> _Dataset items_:
+ + +

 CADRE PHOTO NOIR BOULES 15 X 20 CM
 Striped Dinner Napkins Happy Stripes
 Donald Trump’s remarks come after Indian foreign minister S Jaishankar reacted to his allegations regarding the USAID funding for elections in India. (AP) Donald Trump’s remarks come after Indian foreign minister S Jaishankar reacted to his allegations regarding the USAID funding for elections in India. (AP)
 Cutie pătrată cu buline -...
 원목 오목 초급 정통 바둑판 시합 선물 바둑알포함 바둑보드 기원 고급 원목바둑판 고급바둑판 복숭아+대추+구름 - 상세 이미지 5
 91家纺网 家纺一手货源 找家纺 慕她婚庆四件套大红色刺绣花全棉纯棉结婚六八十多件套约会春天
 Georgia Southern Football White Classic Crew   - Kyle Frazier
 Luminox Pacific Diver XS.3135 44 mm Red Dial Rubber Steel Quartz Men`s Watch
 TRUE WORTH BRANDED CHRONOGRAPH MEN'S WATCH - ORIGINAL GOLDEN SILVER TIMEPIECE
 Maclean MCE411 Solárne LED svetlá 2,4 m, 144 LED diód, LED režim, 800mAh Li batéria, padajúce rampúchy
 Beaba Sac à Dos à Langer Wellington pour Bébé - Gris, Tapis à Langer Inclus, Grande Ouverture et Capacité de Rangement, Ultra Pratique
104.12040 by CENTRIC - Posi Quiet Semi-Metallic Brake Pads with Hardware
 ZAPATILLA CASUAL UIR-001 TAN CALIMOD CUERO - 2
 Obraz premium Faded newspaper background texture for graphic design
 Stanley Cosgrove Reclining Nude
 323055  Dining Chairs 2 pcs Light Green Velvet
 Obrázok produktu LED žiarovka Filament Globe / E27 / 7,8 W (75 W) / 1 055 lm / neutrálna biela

+ + +

> _What needs to be done_: Exactly the lines from the one containing "Stanley Cosgrove Reclining Nude" to the final line of the data, both included, should be printed, and nothing more.

> _Answer to the problem_:
 Stanley Cosgrove Reclining Nude
 323055  Dining Chairs 2 pcs Light Green Velvet
 Obrázok produktu LED žiarovka Filament Globe / E27 / 7,8 W (75 W) / 1 055 lm / neutrálna biela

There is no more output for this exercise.